Though tidy was a bit of a stretch with two kids, especially Jack who loved to explore and trek mud through the house after aforementioned exploring.
I settled for clean in the early days, accepting that tidy was a pipe dream. Now that they were a little older and slightly more well behaved—freakishly more since their father died—they actually listened when I told them not to draw on walls with lipstick or trek mud in from the backyard.
Routines and keeping busy were essential for me to stay sane. To prevent a repeat of the twenty-four hours I’d spent at a shitty motel drinking vodka, being a bad mother.
As expected, neither Amy or Brock had mentioned the fact that I’d dropped my kids off and disappeared for a day, coming back sunburned and likely looking like hell. Of course they hadn’t. That’s what happened with true friends. They let you have your complete break from reality, didn’t hold it against you, didn’t ask questions and didn’t look at you any different after.
I felt different now. Not better, but different. Did people ever really feel better after a complete breakdown? After hitting bottom? No. But there had been a release of pressure. I’d let go of something. The film covering my vision that had allowed me to pretend that I was somehow going to be able to handle life without any kind of dramatic event, that film was gone. I had needed something. And a twenty-four-hour bender at a crappy motel wasn’t nearly as dramatic as I could’ve gone.

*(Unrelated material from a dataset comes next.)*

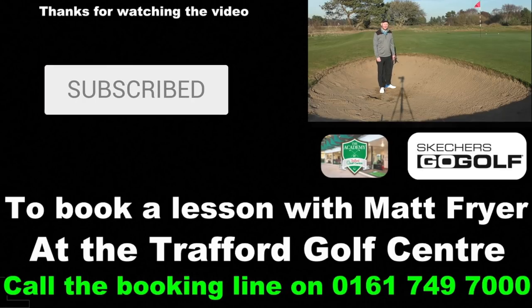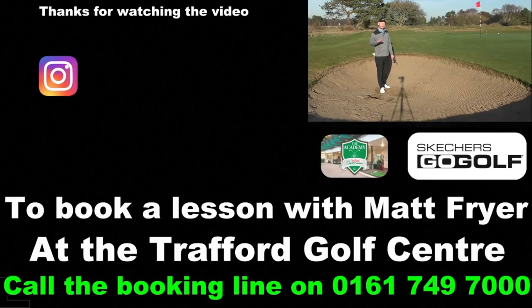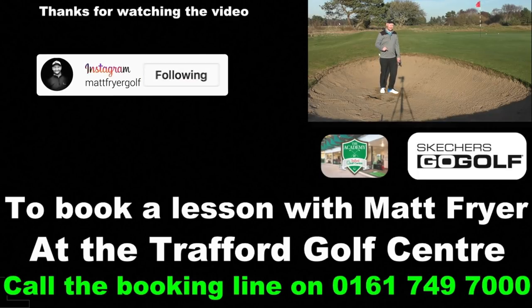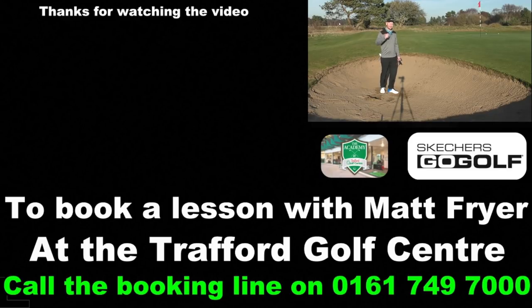If you think this video is going to help you get out of bunkers more frequently, hit that like button for me. And as I said at the start, do consider subscribing to the channel — there are tips every week to help you improve your game. Thanks to Formby Ladies for letting us film here today, thanks to you guys for watching, and I'll see you next week with another tip to help you improve your game.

Turns out that after hitting rock bottom, there was a lot of climbing to do. And I’d been climbing since I’d returned, peeling my fucking fingernails off trying to get up out of this well of grief.
Two kids who needed school drop-offs and pickups, rides to games, playdates, help with homework, distracting trips to the beach, who needed to be fed, cleaned and clothed—yeah that helped a lot. I found myself barely having a moment to actually think about what the fuck I was going to do with my life.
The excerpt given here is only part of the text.